DATA SECTION ->
────────────────

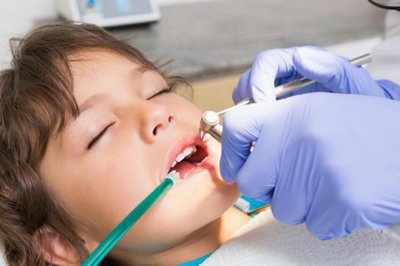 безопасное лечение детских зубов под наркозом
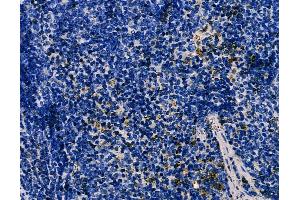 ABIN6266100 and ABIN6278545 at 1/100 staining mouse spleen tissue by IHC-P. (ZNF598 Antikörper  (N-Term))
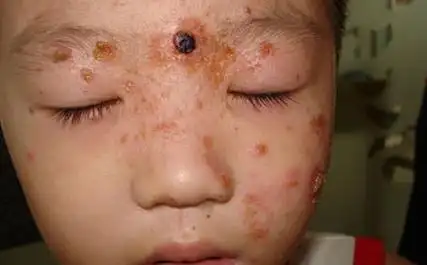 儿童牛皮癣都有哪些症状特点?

────────────────

WHAT YOU WILL DO -> Write out the material above exactly; no pictures.

ANSWER SECTION ->
 безопасное лечение детских зубов под наркозом
 ABIN6266100 and ABIN6278545 at 1/100 staining mouse spleen tissue by IHC-P. (ZNF598 Antikörper  (N-Term))
 儿童牛皮癣都有哪些症状特点?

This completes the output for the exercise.